The agency insisted that its actions were backed up by U.S. Flag Code.
“Recent adjustments to flag displays at the monument were made to ensure consistency with federal guidance,” the spokesperson continued. “Stonewall National Monument remains committed to preserving and interpreting the history and significance of this site through its exhibits, programs, and educational initiatives.”
The government’s decision to remove the Stonewall flag sparked widespread condemnation this week. The Stonewall National Monument is the sole national park dedicated to the LGBTQ+ community, many of whom saw the act as a targeted attack by the government.
New York City Mayor Zohran Mamdani said in a statement on Tuesday that he was “outraged.”
“New York is the birthplace of the modern LGBTQ+ rights movement, and no act of erasure will ever change, or silence, that history,” Mamdani said. “Our city has a duty not just to honor this legacy, but to live up to it.”
Senate Minority Leader Chuck Schumer also decried the sudden lowering of the flag, saying Monday it was “a deeply outrageous action that must be reversed” and vowing to return it.
The flagpole that once bore the iconic rainbow banner sat bare for several days.

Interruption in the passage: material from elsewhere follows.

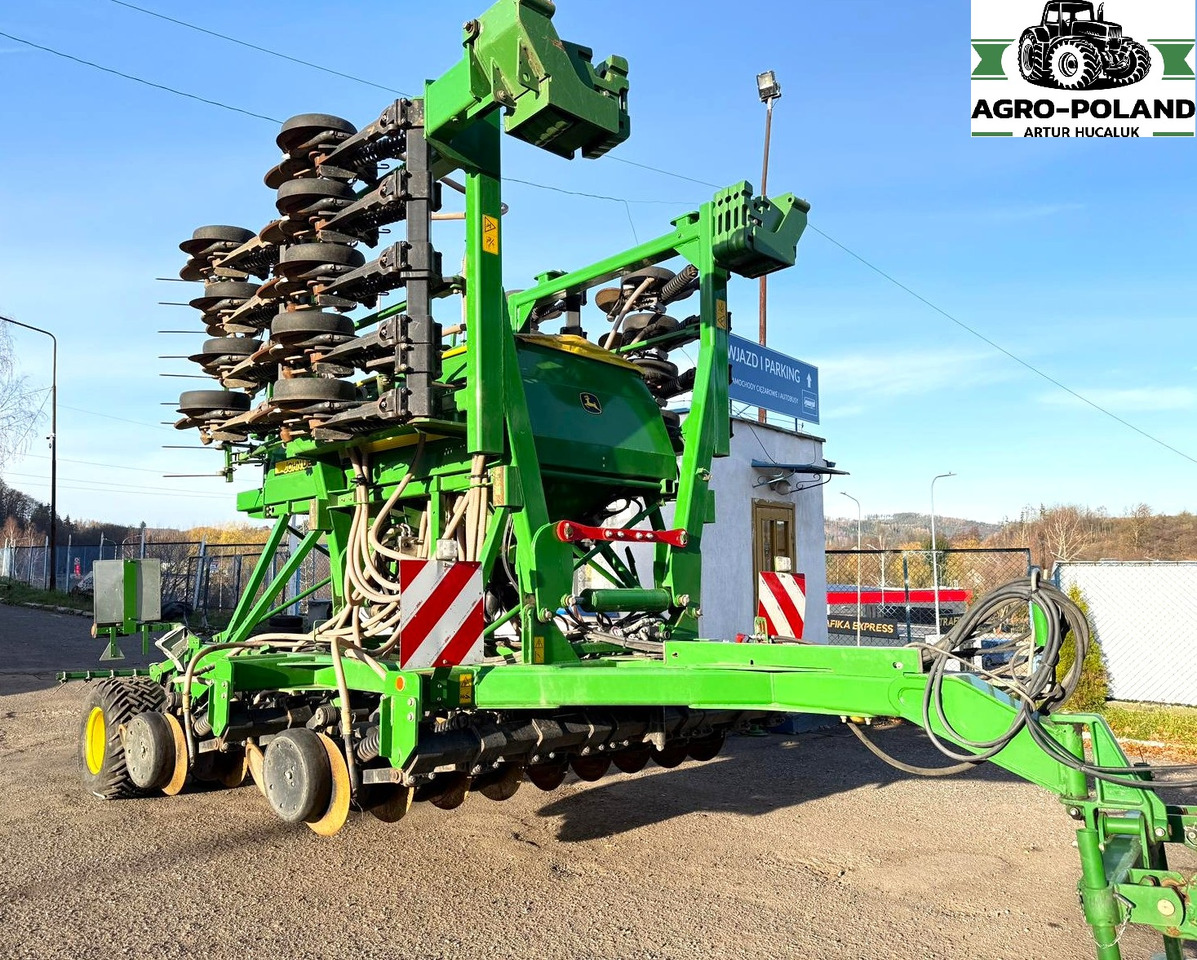 JOHN DEERE 750A - 2017 ROK - 6 M - 2649 H - GREENSTAR/ISOBUS - NOWSZY MODEL - Zaaimachine: afbeelding 2 JOHN DEERE 750A - 2017 ROK - 6 M - 2649 H - GREENSTAR/ISOBUS - NOWSZY MODEL - Zaaimachine: afbeelding 2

Wednesday morning, a photographer at amNewYork spotted a National Park Service worker start to raise the U.S. flag in its place. But video shows the federal employee threatened the reporter when she discovered she was being filmed, then walked off without replacing the flag.
The American flag appeared to be raised later that day.
Widely recognized as the birthplace of the modern gay rights movement, the monument is located at Sheridan Square across the street from a historic gay bar for which the landmark was named. It was there that the Stonewall Riots, prompted by a series of police raids at the bar, kickstarted nationwide activism in the late 1960s.
At the time, the Stonewall Inn was one of relatively few gay bars in New York City. Unable to obtain a liquor license, it operated as a private club run by the Genovese crime family and became a popular hangout for gay men and drag queens.
In 2016, former President Barack Obama designated more than seven acres of space — encompassing the bar, the park and nearby streets and sidewalks — to be a national monument.